-- Source data --
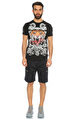 Philipp Plein T-Shirt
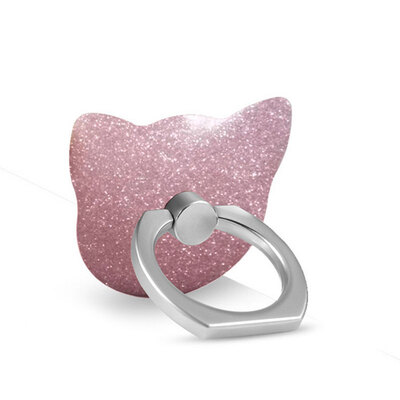 

Newest 2019 Cell Phone Ring Holder Universal Phone Ring Cell Phone Stand Cradle Kickstand 2019718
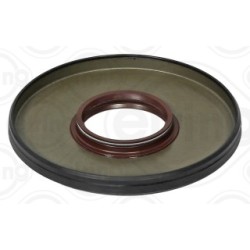 Camshaft Shaft Seal ELRING B10.810 for VOLVO OE 31460664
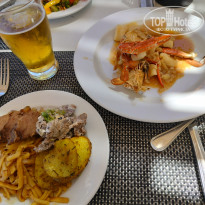 фото из отзыва ID 2744095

-- Task goal --
A word-for-word copy of the lines from the one with "Newest 2019 Cell" through the last line of the data above is required, with both end lines included and no pictures.

-- Exercise result --
Newest 2019 Cell Phone Ring Holder Universal Phone Ring Cell Phone Stand Cradle Kickstand 2019718
 Camshaft Shaft Seal ELRING B10.810 for VOLVO OE 31460664
 фото из отзыва ID 2744095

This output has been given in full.